According to Carlsen's Twitter post, the spray was taken by 137 people, and the party plans a repeat of the action this Thursday. As one would have thought, the handout was polarizing among the Danes, provoking a storm of commentaries online. Whereas some were clearly turned off by the Danes' Party's escapade, others said it matched well with their own feelings and attitudes.
"I want to hear what legislative options we have to stop this spread of vigilantism," Stampe told local Danish newspaper Jydske Vestkysten.
Additionally, residents of Haderslev launched a counter-campaign against the Danish Party and took to the streets with free hugs, coffee and cakes for refugees. According to their Facebook group called "Refugee Hug," 'hugging actions' are scheduled in major Danish cities such as Copenhagen and Aalborg.
"We will show the Danes that asylum-seekers are not rabid bears that must be driven off with pepper spray. I do not understand how we in 2016 could have landed in a Denmark, where it is okay to do something so blatantly racist and discriminatory," Liv Clausen, initiator of the campaign "Refugee Hug," told Jydske Vestkysten.
This is not the first time that the Danes' Party has landed in trouble. Earlier this year, the party launched an advertising campaign featuring white silhouettes of playing children with the slogan "Your children deserve a Danish Denmark."

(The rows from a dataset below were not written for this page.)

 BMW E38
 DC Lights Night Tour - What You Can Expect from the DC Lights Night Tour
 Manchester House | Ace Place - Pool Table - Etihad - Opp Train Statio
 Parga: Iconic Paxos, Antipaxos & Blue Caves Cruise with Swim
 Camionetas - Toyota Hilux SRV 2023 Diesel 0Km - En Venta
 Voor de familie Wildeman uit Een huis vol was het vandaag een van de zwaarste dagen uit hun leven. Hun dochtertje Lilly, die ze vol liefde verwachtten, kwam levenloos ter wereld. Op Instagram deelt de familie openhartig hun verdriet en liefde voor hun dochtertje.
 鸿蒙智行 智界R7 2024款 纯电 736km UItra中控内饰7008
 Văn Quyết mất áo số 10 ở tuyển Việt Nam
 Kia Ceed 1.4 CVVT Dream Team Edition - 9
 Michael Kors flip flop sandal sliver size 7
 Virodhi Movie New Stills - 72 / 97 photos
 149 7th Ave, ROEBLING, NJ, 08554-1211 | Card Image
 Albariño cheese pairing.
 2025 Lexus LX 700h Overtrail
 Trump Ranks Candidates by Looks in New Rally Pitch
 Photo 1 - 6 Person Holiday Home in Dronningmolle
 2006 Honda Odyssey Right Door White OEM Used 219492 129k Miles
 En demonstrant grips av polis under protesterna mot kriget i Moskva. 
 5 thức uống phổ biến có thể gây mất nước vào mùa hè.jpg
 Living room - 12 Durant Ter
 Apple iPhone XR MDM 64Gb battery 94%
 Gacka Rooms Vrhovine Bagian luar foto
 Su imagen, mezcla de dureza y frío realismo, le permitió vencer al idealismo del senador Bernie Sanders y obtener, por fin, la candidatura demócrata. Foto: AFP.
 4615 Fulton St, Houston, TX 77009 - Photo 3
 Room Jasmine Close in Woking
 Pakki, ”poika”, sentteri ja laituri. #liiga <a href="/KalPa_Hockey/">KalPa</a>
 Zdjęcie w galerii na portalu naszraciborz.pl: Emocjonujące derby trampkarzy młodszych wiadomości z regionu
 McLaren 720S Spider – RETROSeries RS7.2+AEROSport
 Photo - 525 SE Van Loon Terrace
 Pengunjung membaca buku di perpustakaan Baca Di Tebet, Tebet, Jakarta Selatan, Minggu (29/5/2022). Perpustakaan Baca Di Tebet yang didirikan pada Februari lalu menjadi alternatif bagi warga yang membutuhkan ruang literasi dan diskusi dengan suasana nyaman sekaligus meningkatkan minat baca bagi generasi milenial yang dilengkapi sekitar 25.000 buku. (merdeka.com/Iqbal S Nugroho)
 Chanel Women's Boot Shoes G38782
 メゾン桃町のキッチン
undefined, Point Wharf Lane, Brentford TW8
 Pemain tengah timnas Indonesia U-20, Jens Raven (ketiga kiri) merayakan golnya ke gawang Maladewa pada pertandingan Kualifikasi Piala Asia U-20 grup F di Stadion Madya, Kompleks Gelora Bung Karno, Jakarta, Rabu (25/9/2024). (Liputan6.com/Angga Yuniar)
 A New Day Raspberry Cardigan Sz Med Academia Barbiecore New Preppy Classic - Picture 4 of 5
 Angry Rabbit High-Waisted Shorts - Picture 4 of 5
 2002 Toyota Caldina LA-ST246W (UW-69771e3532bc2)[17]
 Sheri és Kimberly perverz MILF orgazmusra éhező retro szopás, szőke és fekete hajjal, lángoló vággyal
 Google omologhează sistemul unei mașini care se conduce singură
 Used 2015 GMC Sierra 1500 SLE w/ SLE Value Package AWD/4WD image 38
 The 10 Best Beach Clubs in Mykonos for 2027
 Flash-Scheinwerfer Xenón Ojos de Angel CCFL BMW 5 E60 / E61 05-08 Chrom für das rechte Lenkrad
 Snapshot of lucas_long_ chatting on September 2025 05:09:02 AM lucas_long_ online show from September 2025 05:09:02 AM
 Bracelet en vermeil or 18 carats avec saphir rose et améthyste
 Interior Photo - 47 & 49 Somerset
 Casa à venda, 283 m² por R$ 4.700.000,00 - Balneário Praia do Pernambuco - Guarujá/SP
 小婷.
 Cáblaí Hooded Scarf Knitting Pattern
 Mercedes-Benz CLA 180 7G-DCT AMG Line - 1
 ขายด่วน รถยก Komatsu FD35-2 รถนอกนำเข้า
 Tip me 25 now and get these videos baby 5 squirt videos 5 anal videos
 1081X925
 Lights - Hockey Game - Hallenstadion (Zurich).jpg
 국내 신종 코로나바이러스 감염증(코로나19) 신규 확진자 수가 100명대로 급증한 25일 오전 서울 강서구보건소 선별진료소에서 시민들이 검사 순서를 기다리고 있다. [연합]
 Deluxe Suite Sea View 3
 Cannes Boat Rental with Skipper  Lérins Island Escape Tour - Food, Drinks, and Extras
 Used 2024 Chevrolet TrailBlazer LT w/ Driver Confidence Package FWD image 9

A few months later, it tried to capitalize on the unanticipated success of the Icelandic football team at Euro 2016, insinuating that France should be barred from European championships and rather play in Africa on account of the number of dark-skinned players.
The party ran for municipal councils in 2013, but did not manage to win any seats, and is currently collecting signatures in order to get on the ballot for the next national election.